There are 121 of these judges, and every solitary one holds his position, his tenure, through the influence and power of corporate capital. The corporations and trusts dictate their appointment. And when they go to the bench, they go, not to serve, the people, but to serve the interests that place them and keep them where they are.
Why, the other day, by a vote of five to four...they declared the child labor law unconstitutional...by a majority of one, the Supreme Court, a body of corporation lawyers, with just one exception, wiped that law from the statute books, and this in our so-called democracy, so that we may continue to grind the flesh and blood and bones of puny little children into profits for the Junkers of Wall Street. And this in a country that boasts of fighting to make the world safe for democracy!
DESPITE THE fact that the purpose of the court is to be a barrier against challenges to the status quo, sometimes the justices can't help but be influenced by the world around them.
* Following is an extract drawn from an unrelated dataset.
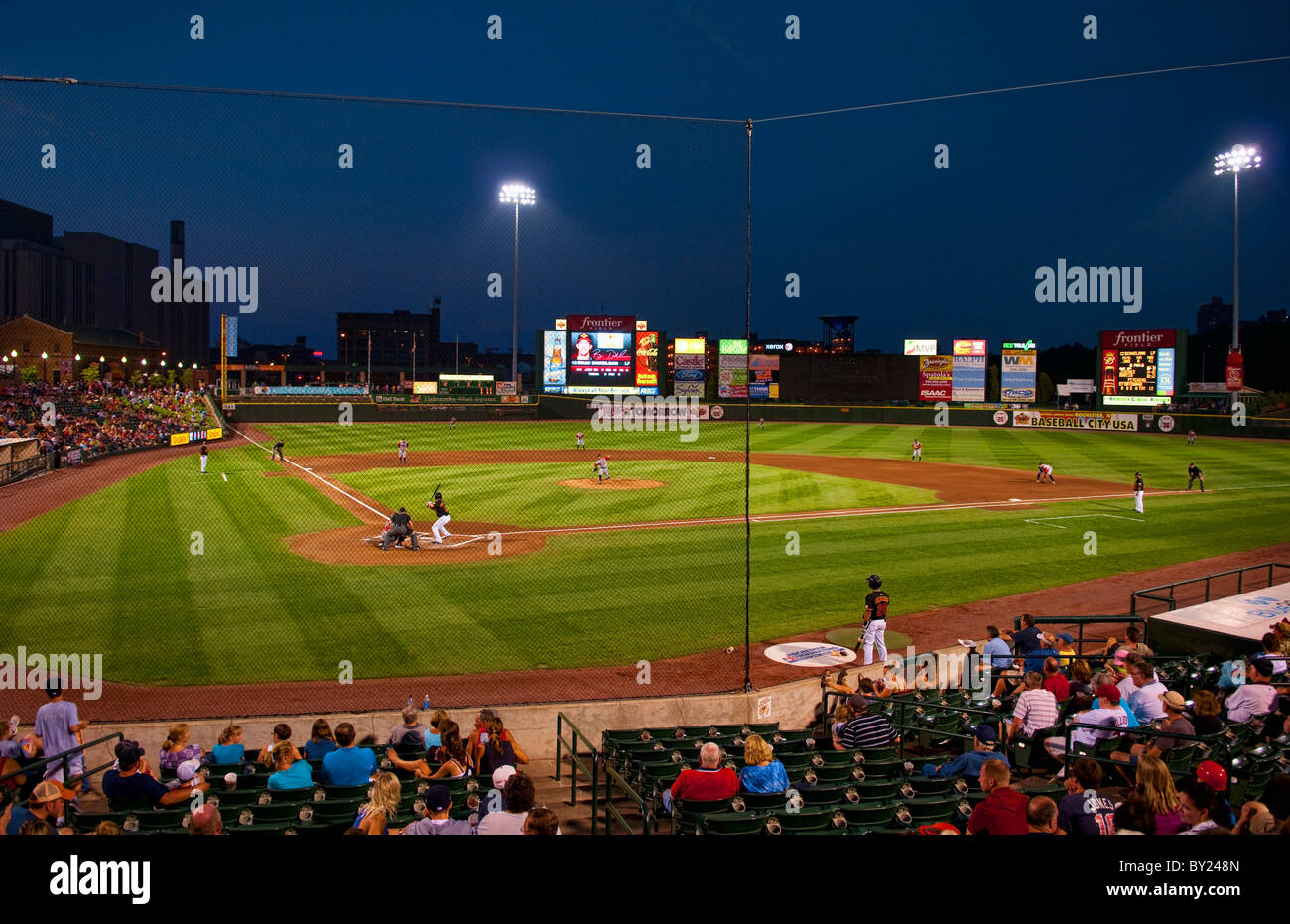 Night professional baseball game at Frontier Field Stadium in Rochester New  York with city and Kodak Rochester Red Wings play Stock Photo - Alamy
So when people in society at large have mobilized to wage a challenge to injustice, the court can be pressured to respond.
When African American students sat in at lunch counters in the segregated South and when thousands more took up the fight for civil rights, it had an impact on public opinion at large--and on the Supreme Court.
The antiwar, Black Power, women's and gay movements of the 1970s had an impact on the way society at large began to view the ideas of liberation and justice--and this had an impact on the Supreme Court's decisions, too, as the justices ruled in favor of legal abortion and suspending the death penalty.
It's definitely the case that we can't rely on a Supreme Court justice to do the right and just thing--any more than you can rely on a member of Congress or the president or a corporate board. So we have to follow the same recipe we use when we deal with any of these esteemed bodies.
1. Organize ourselves. 2. Protest to apply the pressure needed to win our demands. 3. Repeat, until we win.
More than that, the protest actions we organize have the potential to make an impact not just on the justices on high, but on the world we live in--a world that is rarely touched by the high and mighty justices of the Supreme Court.
The grand ideals of freedom and democracy that the Supreme Court is supposed to uphold are a universe away when a cop is racially profiling a driver, or when an employer is firing a worker, or when the president is ordering troops to occupy another country.
For a class on "Law and Justice in America" in the 1970s, radical historian and activist Howard Zinn sent his Boston University students into the neighborhoods to investigate and compare "the realities of justice against the word of law."
In an article for the Civil Liberties Review, Zinn reported on what they found:
Our actual freedom is determined not by the Constitution or the Court, but by the power the policeman has over us on the street or that of the local judge behind him; by the authority of our employers; by the power of teachers, principals, university presidents and boards of trustees if we are students...by the welfare bureaucracy if we are poor; by prison guard if we are in jail; by landlords if we are tenants...
Over the last four years, my students, checking formal constitutional rights against the realities of everyday life in the Boston area, found these formal rights meaningless.
When we protest and defy unjust laws--like those that criminalize undocumented immigrants or bar LGBT people from having the rights of married people--we have the power to push these laws back and defeat them. And we have the power to defeat the unjust and discriminatory ideas behind these laws.
As Zinn concluded, "Lacking traditional forms of power and wealth, we can only create a force out of what we have: our assembled selves, our ability to withhold our labor, to withdraw our compliance, to take hold cooperatively of the resources at hand."